California approved an increase in its temporary total disability (TTD) rates in 2025. This change affects workers who suffer job-related injuries and cannot work while they recover. Workers and employers should understand how this change impacts payments and eligibility.
Why rates are increasing
California adjusts TTD benefits each year to reflect changes in the state’s average weekly wage (SAWW). The goal is to help injured workers cover lost income while they recover. In 2025, the increase follows a rise in the state’s overall wages, meaning higher benefits for workers receiving TTD.
TTD benefits provide two-thirds of a worker’s average weekly earnings, up to a maximum set by the state. Starting January 1, 2025, the minimum TTD rate rose to $252.03 per week, up from $242.86. The maximum rate will increase to $1,680.29 per week from the previous $1,619.15. These changes are based on a 3.77588% increase in California’s SAWW, which grew from $1,642 to $1,704 between the first quarters of 2023 and 2024.
Who the new rates affect
Any worker who suffers a job-related injury in 2025 and qualifies for TTD will receive benefits under the updated rates. With the new increase, injured workers receive higher payments, ensuring they can afford basic expenses while recovering.

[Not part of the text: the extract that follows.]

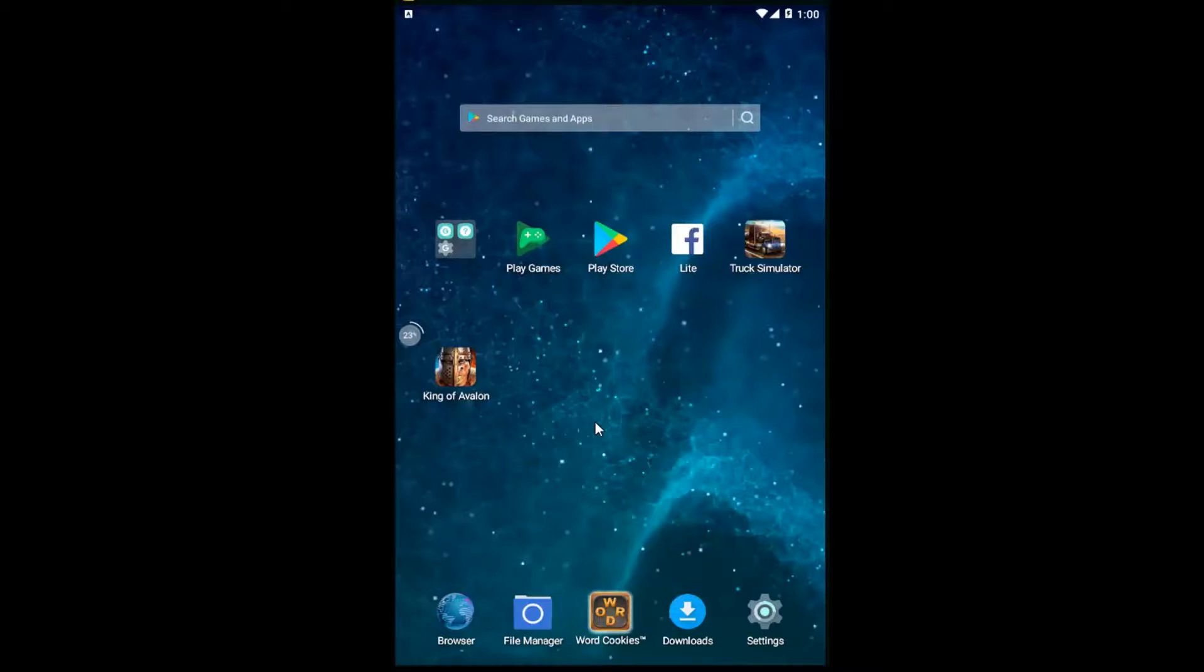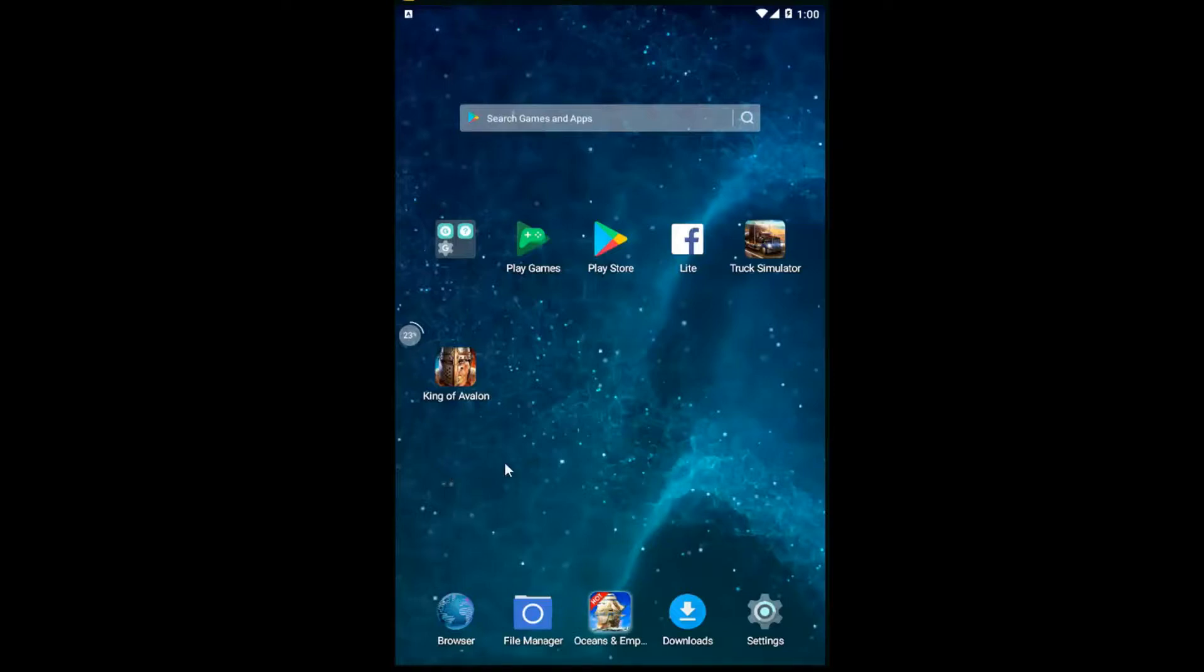In today's tutorial I'm going to show you guys how to enable or disable sounds on your Android powered device. So this should be a pretty quick tutorial and without further ado let's jump right into it.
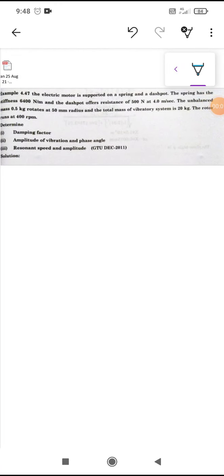In today's lecture we are going to see examples. The first example was asked in GTU in 2011. The question is: an electric motor is supported on a spring and a dashpot.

The minimum benefit also rose, helping lower-wage workers.
Those with existing claims may not see changes unless their payments are linked to annual adjustments. Of course, employers also experience an impact since higher benefits may affect workers’ compensation insurance costs.
Understanding these changes can help workers plan for financial stability after an injury. Staying aware of benefit increases can help both workers and businesses manage expectations and expenses in 2025.